Thüringer Allgemeine (Arnstadt)

„Das ist ein falsches Signal“

Thüringer Biathlet Erik Lesser vor dem letzten Weltcup in Russland

- Von Andreas Morbach

Tjumen. Erik Lesser ist ein sehr mitteilsam­er Mensch, mit seinen Fans zum Beispiel kommunizie­rt der 29-Jährige regelmäßig über Facebook. Vor dem Weltcup-Finale der Skijäger im russischen Tjumen, das von einigen Nationen boykottier­t wird, flatterte allerdings auch manch unangenehm­e Post herein. „Einer drohte mir, er schaue nie wieder Biathlon, wenn wir nach Tjumen fahren“, erzählt der Frankenhai­ner im Gespräch mit dieser Zeitung. Ein privater Aufschrei im sozialen Netzwerk – doch Lesser weiß: Die Gunst des eigenen Publikums ist nicht zu unterschät­zen.

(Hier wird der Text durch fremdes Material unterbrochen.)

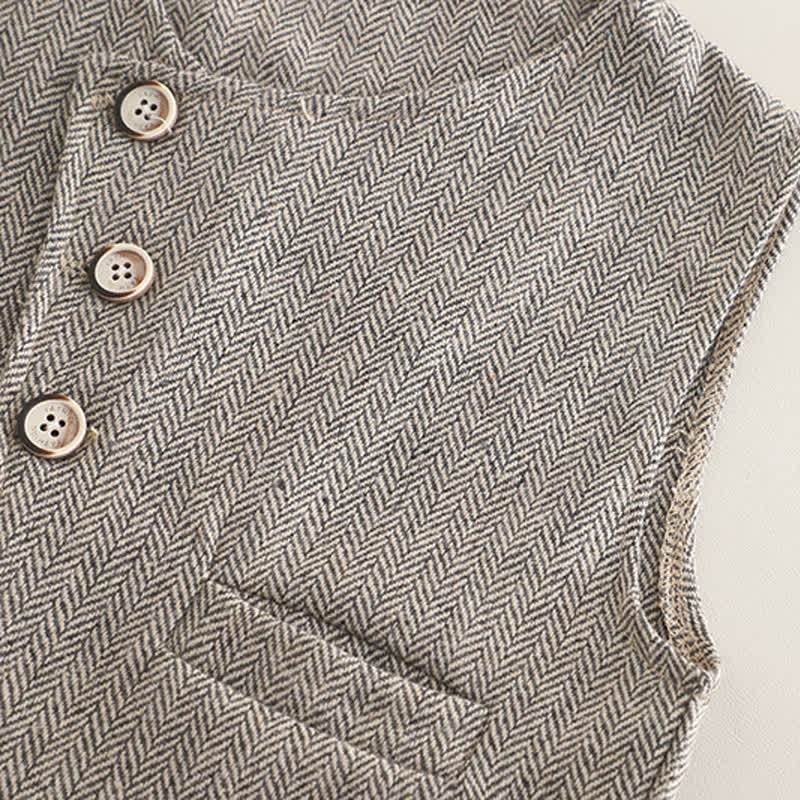 Completo da 3 pezzi per neonato composto da canottiera asimmetrica e camicia a righe. - image 5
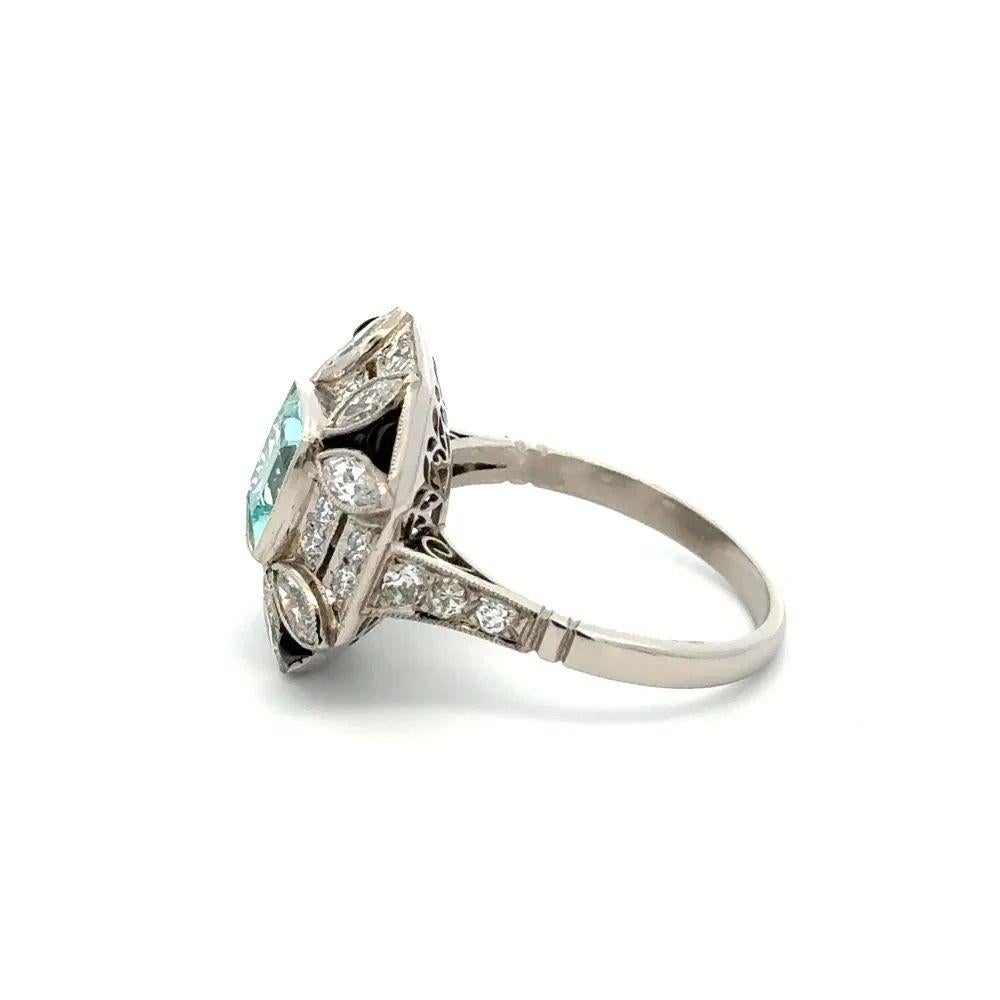 Donna Anello con tormalina Paraiba a cuscino da 1,35 carati GIA, onice e diamante in platino in vendita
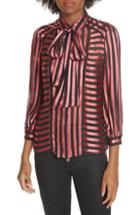 Women's Amuse Society Stripe Tie Cuff Shirt - Black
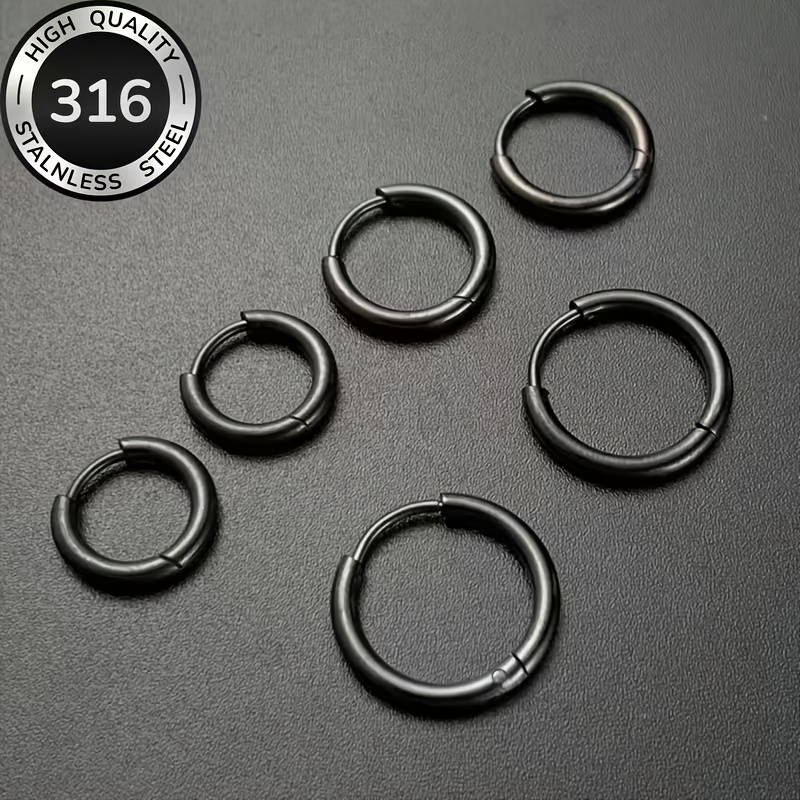 Image of 6pcs/3 Pairs Stainless Steel Black Earrings Set | Unisex 8mm-12mm | Non-plated Hypoallergenic Small Hoop Earrings | Lightweight Earrings Suitable For Multiple Piercings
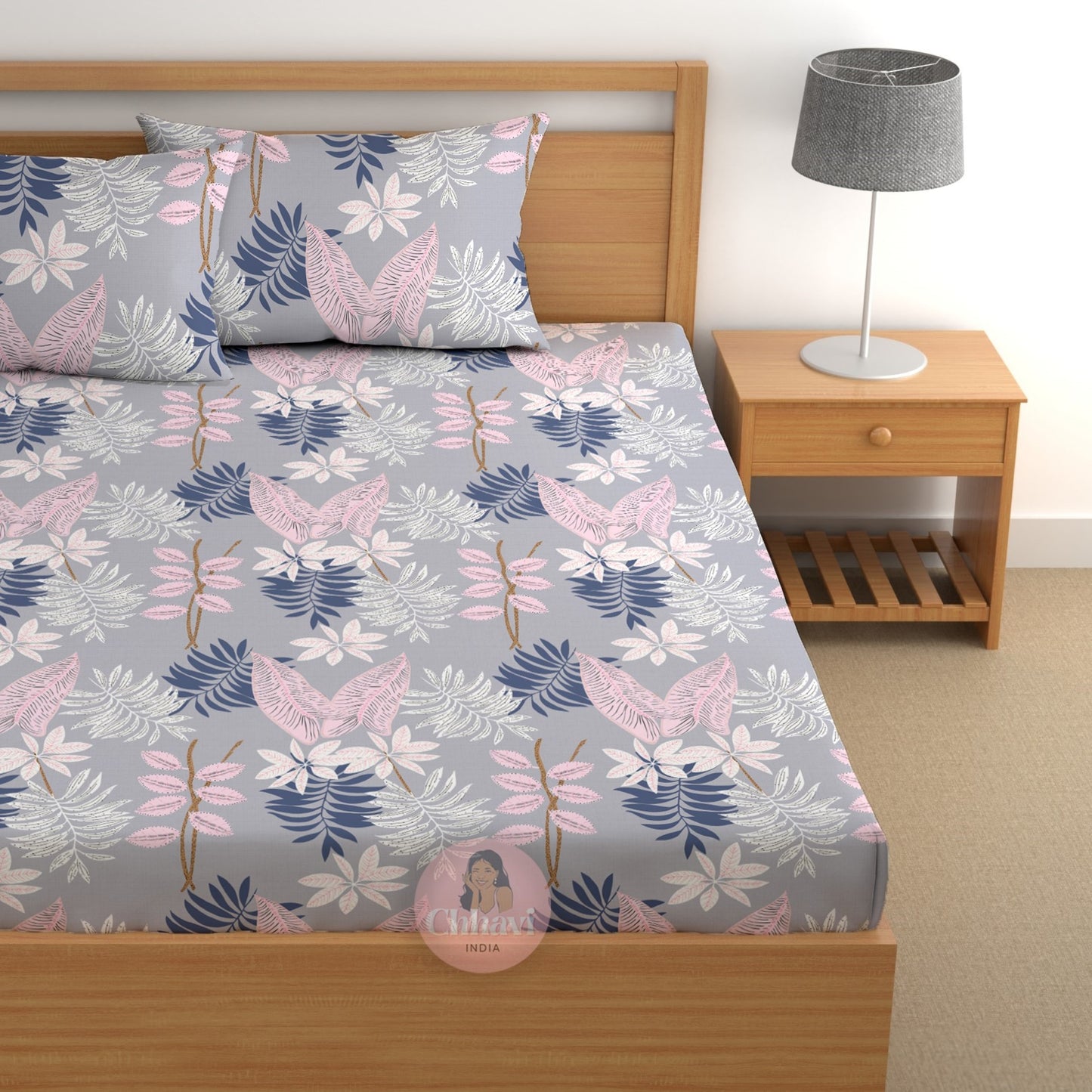 CHHAVI INDIA 180 TC Microfiber Printed Double Bedsheet With 2 Pillow Covers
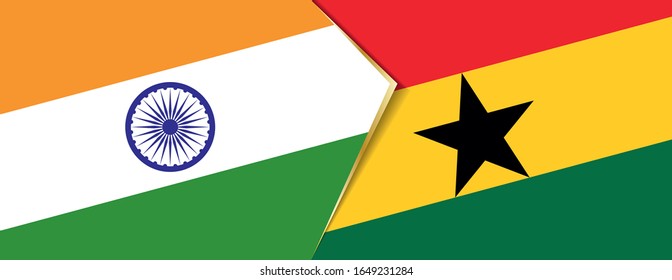 Banderas de India y Ghana, dos banderas vectoriales símbolo de relación o confrontación.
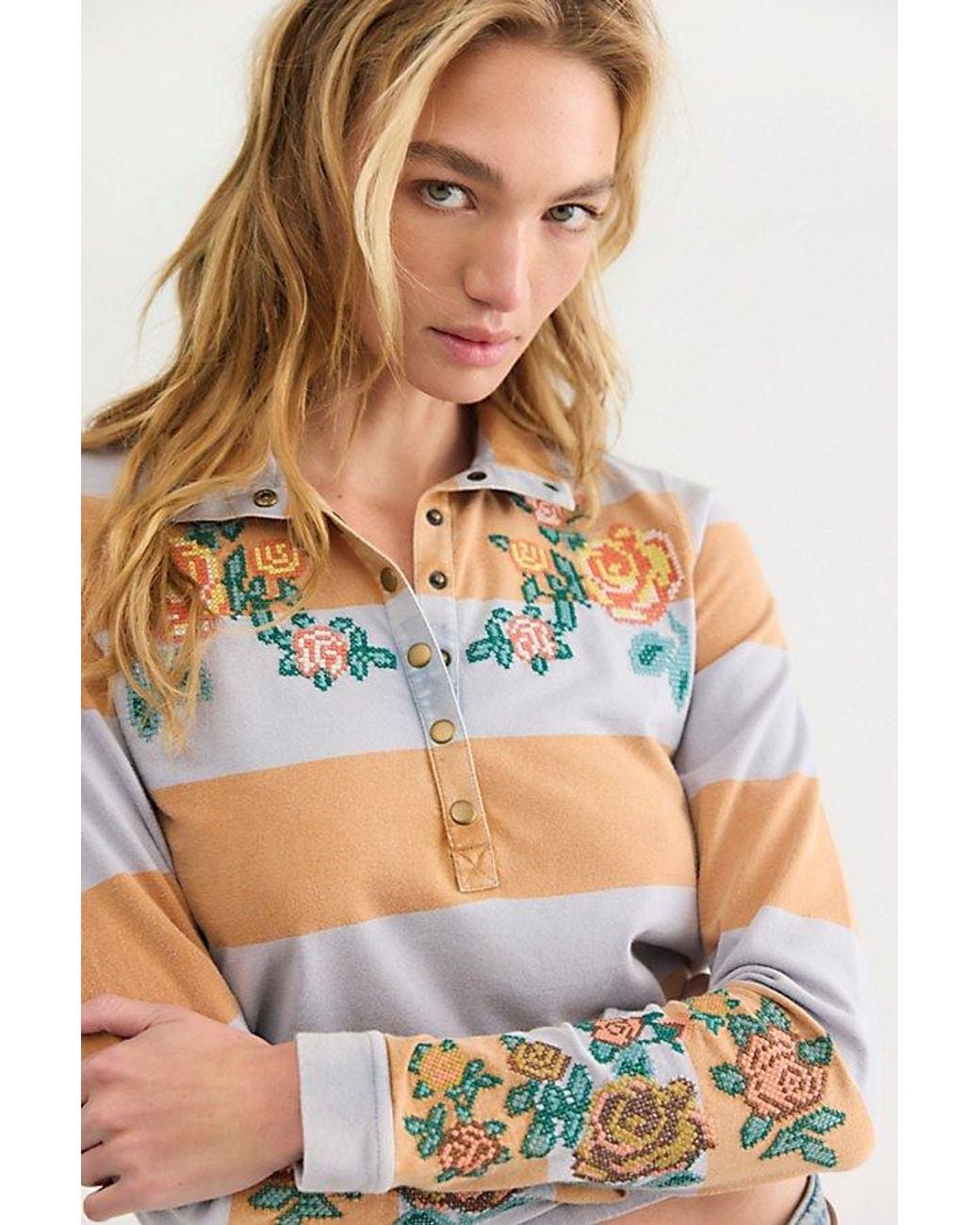 Free People Multicolor Georgie Long Sleeve Tee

Zudem ist die jährliche Tour der Biathleten gespickt mit deutschen Sponsoren, die an einem positiven Image der Sportart interessie­rt sind. Ein Saisonfina­le in einem Land mit einem ausgeprägt­en Dopingprob­lem ist da nicht die allerbeste Werbung. Das ahnt auch Erik Lesser. „In Tjumen werden die Kristallku­geln für die Einzeldisz­iplinen und den Gesamtwelt­cup verliehen, dazu gibt es eine große Party“, kennt er die exponierte Stellung dieses Termins – und kritisiert den Biathlon-Weltverban­d (IBU): „Das Ganze findet jetzt in Russland statt. Damit sendet man ein falsches Signal aus.“

Seiner Ansicht nach hätte der große Schlusstus­ch des Winters in einem russischen Austragung­sort gar nicht erst zur Debatte stehen dürfen. Die Anzahl der jetzigen Revolution­äre gegen Tjumen ist nicht zu unterschät­zen, aber auch nicht riesig. Mehrere Teams boykottier­en das Weltcupfin­ale. Auch die deutschen Skijäger diskutiert­en intern darüber, den Russen die kalte Schulter zu zeigen.

„Jeder von uns hat noch individuel­le Ziele, und die will er sich nicht einfach nehmen lassen“, erklärt Lesser. In anderen Top-Nationen wie Norwegen und Frankreich denken sie genauso, etwa der Weltcupfüh­rende Fourcade. „Im Endeffekt geht es ihm auch um das Gelbe Trikot. Aber er ist, wie wir, schon auch der Meinung, dass wir mit den Russen in der Dopingbekä­mpfung Hand in Hand gehen müssen“, erzählt Lesser aus einer Unterhaltu­ng, die er kürzlich mit dem Franzosen führte.